● **Supplied material**
========

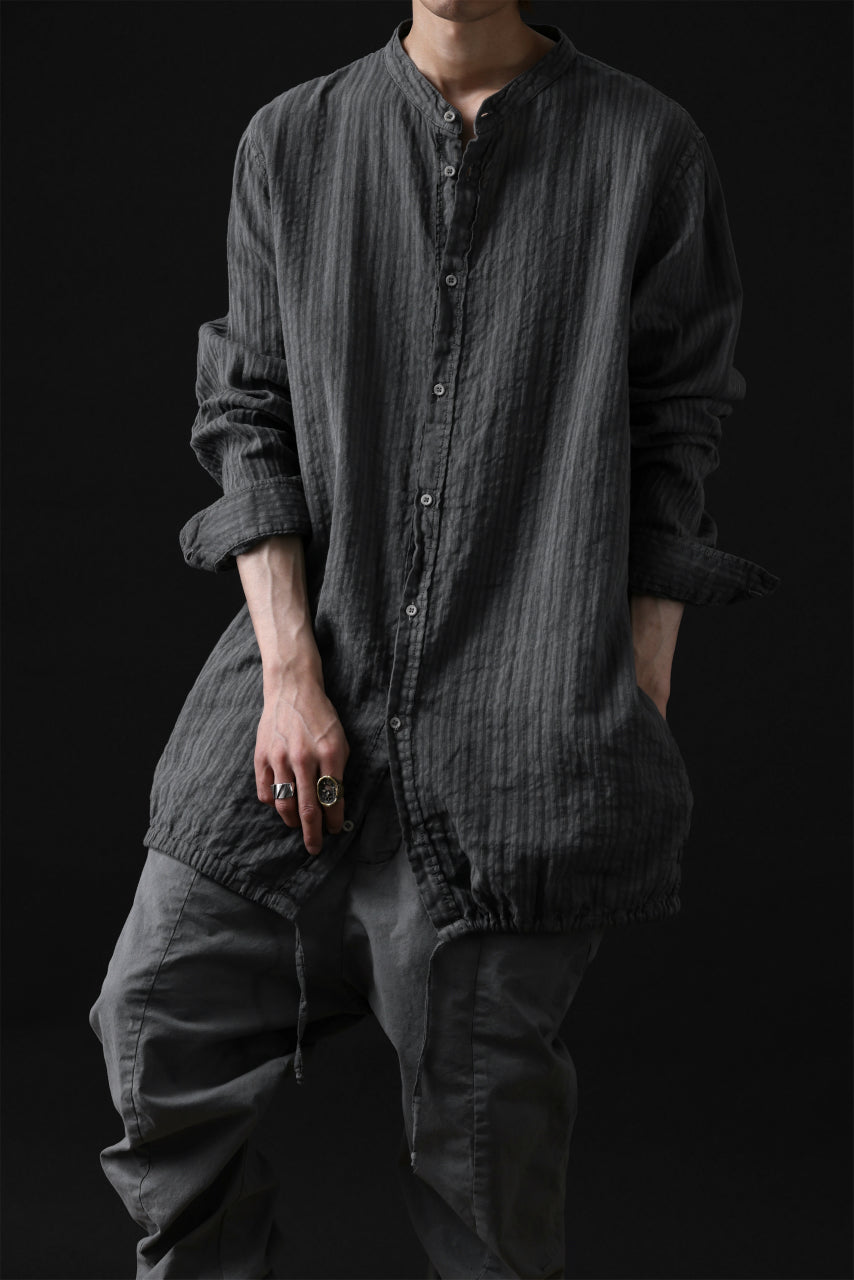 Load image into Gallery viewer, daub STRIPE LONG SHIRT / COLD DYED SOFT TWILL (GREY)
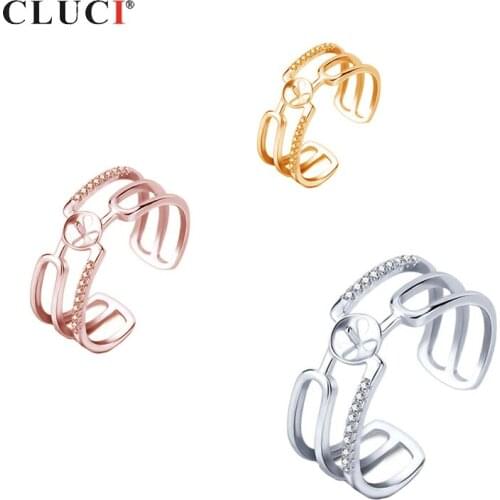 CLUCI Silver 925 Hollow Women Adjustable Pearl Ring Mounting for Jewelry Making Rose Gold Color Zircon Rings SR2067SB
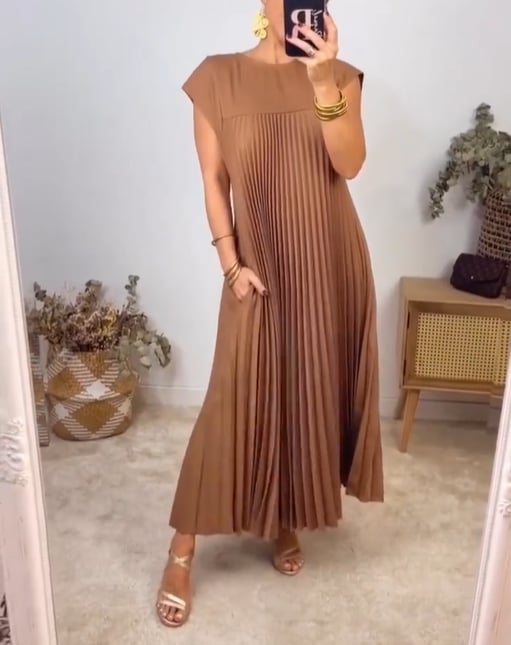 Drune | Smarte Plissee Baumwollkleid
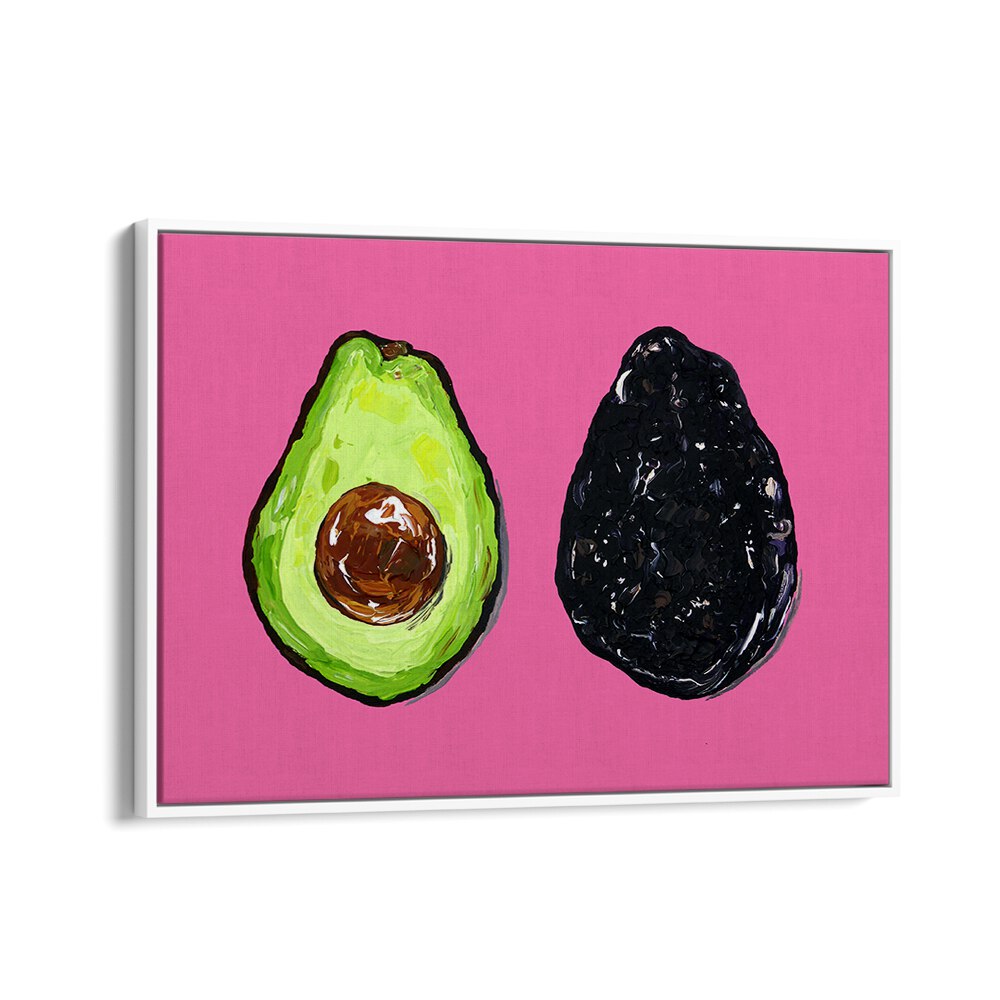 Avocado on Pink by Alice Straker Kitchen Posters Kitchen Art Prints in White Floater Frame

========

● **Required work**
Please write out the lines from the one that holds "Drune | Smarte Plissee Baumwollkleid" through the end of the material, both ends included, exactly and with no pictures.

● **Output of the exercise**
 Drune | Smarte Plissee Baumwollkleid
 Avocado on Pink by Alice Straker Kitchen Posters Kitchen Art Prints in White Floater Frame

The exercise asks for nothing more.